How to Introduce a Cat

How to Introduce a Cat.

The Holidays are around the corner. Perhaps your youngster has been begging, “Mom can’t I have a kitten for Christmas?”.

You are wearing thin. If you already have one cat, is it that simple to add another kitten to your already hectic lives? Well yes and no.

How to Introduce a New Cat

Often we get questions regarding how to handle the predicament of

adding another feline (or canine) to the household. You must understand

that the cat who currently reigns feels very threatened by newcomers.

A cat who has her favorite chair, window ledge and scheduled pathway

to roam about the house is not likely to welcome a frisky stranger.

Mistakes are easily made.

What you should not do : Don”t immediately introduce these pets together by rubbing their noses

together or closing them together in a room. By all means do not scold

either pet for not meeting your expectations. This is a stressful event for them.

What you should do: Create a safe place for the new cat or kitten. A good option is a

back bedroom. In this room, arrange all the comforts of home: food,

water, litter pan and toys. For the first two weeks, play with your

new kitten in this room only.

In the meantime, the resident feline will know something is up. The

smell of the new kitten will be on your clothes and sounds of the

new kitten will be heard. The two felines can smell and investigate

each other under the door without scratching or biting. In the next two weeks you may allow the

new kitty out for short stretches

of time. You have to monitor these time periods. It is easy to imagine

how a cat fight could be dangerous and traumatic. This takes time,

but keep in mind you are in control of the adjustment period.
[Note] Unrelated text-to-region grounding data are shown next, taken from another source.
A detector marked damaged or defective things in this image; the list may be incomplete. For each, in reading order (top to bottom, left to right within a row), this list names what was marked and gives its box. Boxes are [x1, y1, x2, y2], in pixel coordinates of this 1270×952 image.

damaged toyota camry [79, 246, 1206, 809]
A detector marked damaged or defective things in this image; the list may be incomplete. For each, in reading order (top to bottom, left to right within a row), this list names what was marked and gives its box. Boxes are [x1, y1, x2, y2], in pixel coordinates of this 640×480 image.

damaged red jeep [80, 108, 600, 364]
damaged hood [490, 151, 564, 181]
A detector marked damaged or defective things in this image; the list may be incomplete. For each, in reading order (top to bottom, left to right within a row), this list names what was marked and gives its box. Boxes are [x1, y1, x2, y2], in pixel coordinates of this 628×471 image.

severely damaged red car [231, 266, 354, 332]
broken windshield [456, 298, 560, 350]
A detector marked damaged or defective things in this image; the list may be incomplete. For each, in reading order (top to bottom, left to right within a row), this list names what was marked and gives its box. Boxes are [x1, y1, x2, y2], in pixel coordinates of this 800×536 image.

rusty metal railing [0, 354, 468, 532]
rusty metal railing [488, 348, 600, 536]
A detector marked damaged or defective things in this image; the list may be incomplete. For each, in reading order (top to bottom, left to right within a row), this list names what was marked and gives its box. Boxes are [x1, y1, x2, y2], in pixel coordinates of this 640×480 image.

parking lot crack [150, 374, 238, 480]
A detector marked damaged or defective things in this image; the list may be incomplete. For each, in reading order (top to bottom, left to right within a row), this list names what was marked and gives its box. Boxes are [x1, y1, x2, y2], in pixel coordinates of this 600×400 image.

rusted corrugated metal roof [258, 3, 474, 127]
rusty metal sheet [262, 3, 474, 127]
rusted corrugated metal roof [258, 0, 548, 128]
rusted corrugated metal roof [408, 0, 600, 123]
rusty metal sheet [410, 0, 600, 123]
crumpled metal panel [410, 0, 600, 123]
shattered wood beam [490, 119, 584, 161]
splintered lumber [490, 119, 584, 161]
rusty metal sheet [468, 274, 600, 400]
In the fourth week you may allow

more extended periods of freedomfor the new kitten, but keep monitoring. Try to show equal

one on one time for each pet. It can be difficult to be impartial. If however,

one pet is more upset than the other it is acceptable to show more

affection.

Beginning week four you can start to feed both cats in the same feeding

area. Feed the cats at regular times so that they have a good appetite

and are more concerned about their food than the other cat. You are

trying to create an association in each cats mind: Every time I see

that other cat I get rewarded with food. Nothing bad happens!”
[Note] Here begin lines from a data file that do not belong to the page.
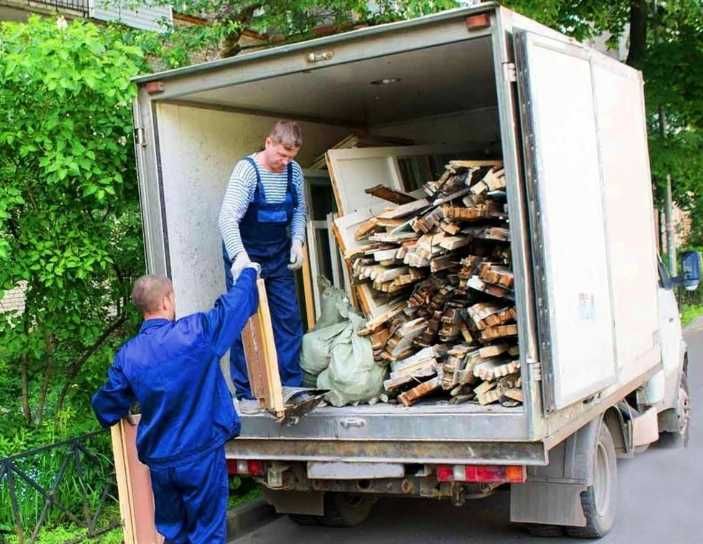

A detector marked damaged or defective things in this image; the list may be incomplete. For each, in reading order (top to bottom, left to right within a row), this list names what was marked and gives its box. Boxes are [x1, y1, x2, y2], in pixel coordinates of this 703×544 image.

broken wooden board [243, 278, 284, 418]
rusty wood piece [398, 378, 442, 408]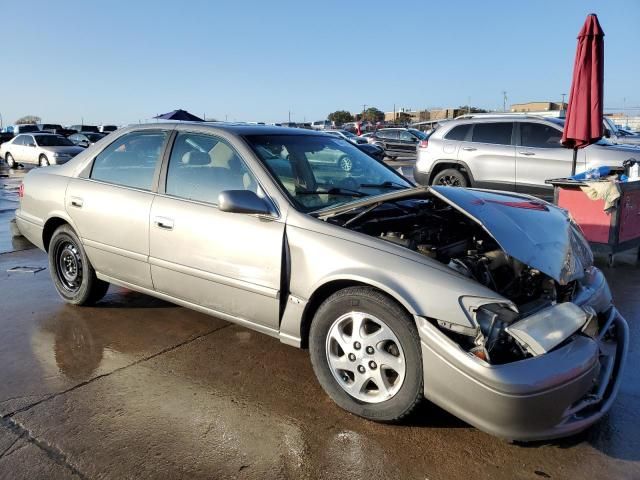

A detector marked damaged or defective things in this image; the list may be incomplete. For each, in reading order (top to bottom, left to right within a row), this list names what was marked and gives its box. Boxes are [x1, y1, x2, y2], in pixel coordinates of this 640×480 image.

damaged toyota camry [16, 124, 632, 442]
crumpled front bumper [418, 268, 628, 440]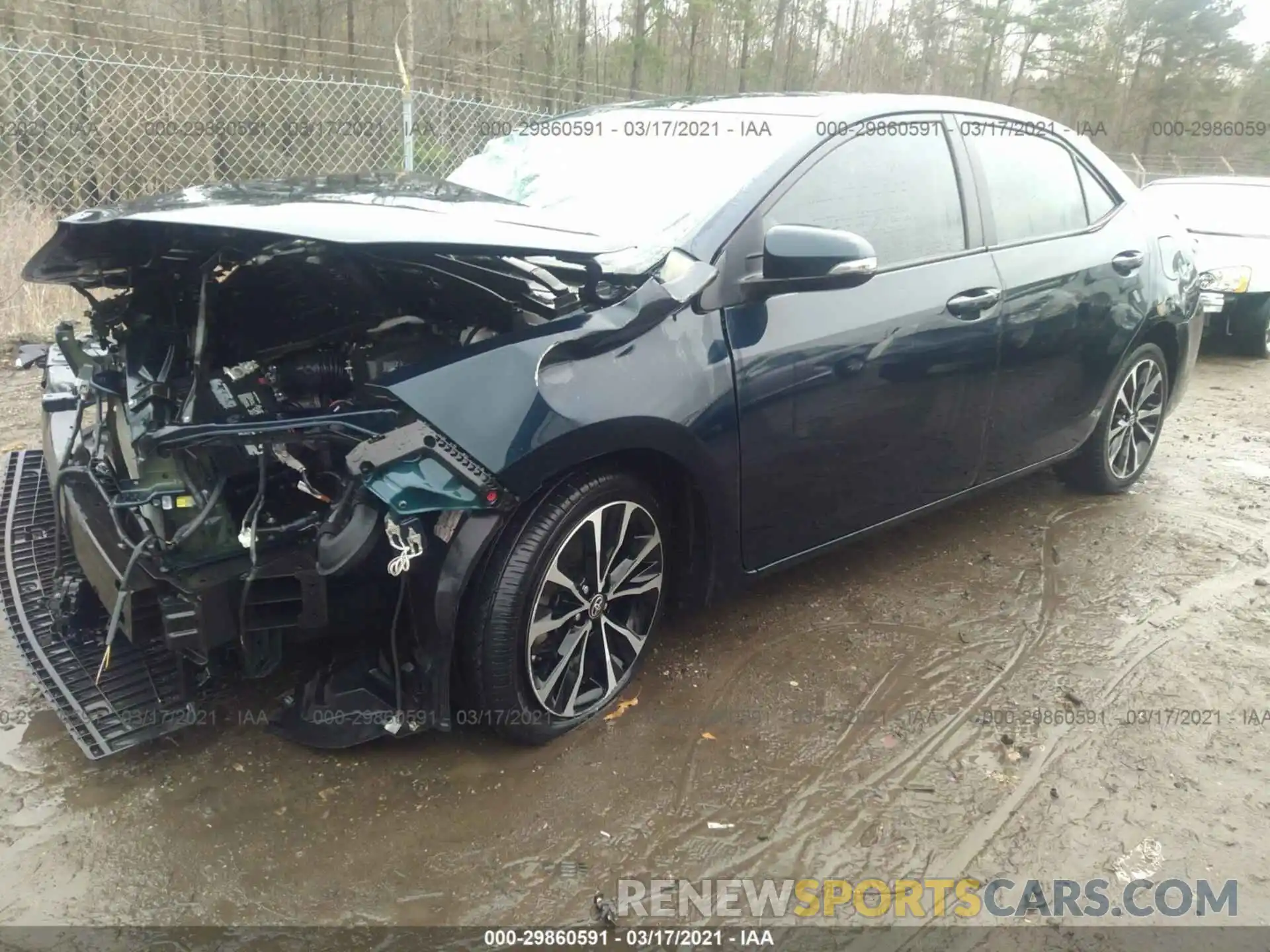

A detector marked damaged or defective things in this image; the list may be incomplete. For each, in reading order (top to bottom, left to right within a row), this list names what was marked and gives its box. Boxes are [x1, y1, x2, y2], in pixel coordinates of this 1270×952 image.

crushed front end [0, 206, 607, 756]
crumpled hood [27, 174, 645, 286]
damaged dark blue sedan [2, 95, 1199, 762]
The food bowls should be as far apart as possible. Gradually move

the bowls closer together over a period of several days. Now you are

testing the waters. Go slowly. If any hissing or upset occurs you

will have to retrace your steps and put the bowls further apart again.
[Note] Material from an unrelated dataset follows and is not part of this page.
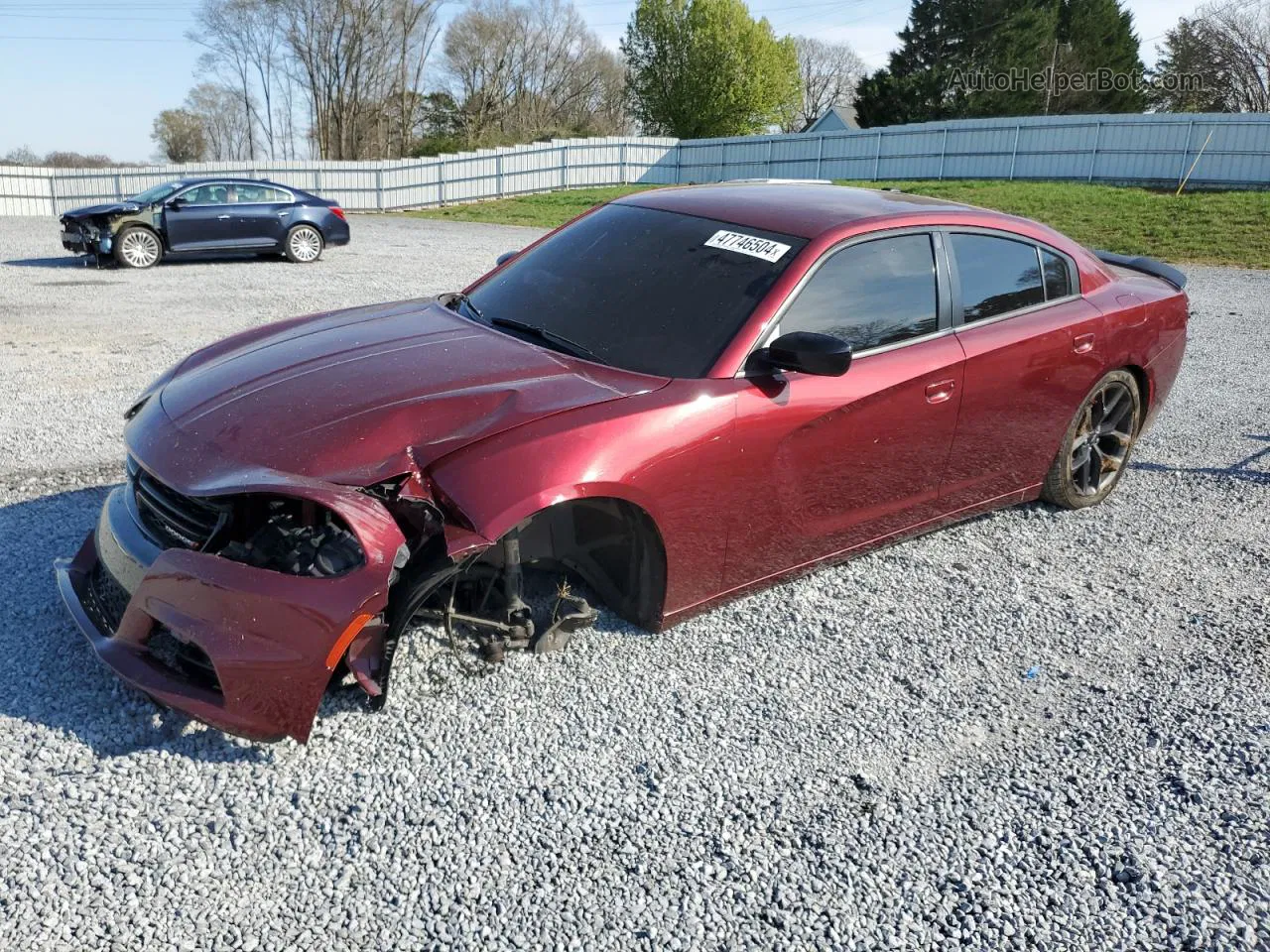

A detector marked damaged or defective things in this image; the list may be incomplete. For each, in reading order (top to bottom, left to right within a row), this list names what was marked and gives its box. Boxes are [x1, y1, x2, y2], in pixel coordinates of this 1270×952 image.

detached bumper cover [56, 479, 396, 741]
Also, find some special toys that both cats like. They will have these

toys only when they are together in the same room. A couple of strings

are great. Drag a string for each cat so they are independently playing

and again you are creating an association: Every time the other cat

is playing I get my special toy and special attention!”

Most cats will be over the hurdles in eight to 10 weeks. If they are

not pals after three months, they never will be. It may be that your

cats only tolerate each other, but you may have rushed the process.

Try backing up a few steps and going slower this time.

Young kittens are usually easier to mix. Their adjustment period may

only be a week. A dog entering into a cat household is somewhat similar.

Dogs and pups tend to be rambunctious. Most resident cats will hide

in the back room and the roles are reversed. This is OK.

A new kitten for the family is a wonderful experience . Make sure the

guidelines are understood by the household before the pet arrives,

and make the introduction a joy for all!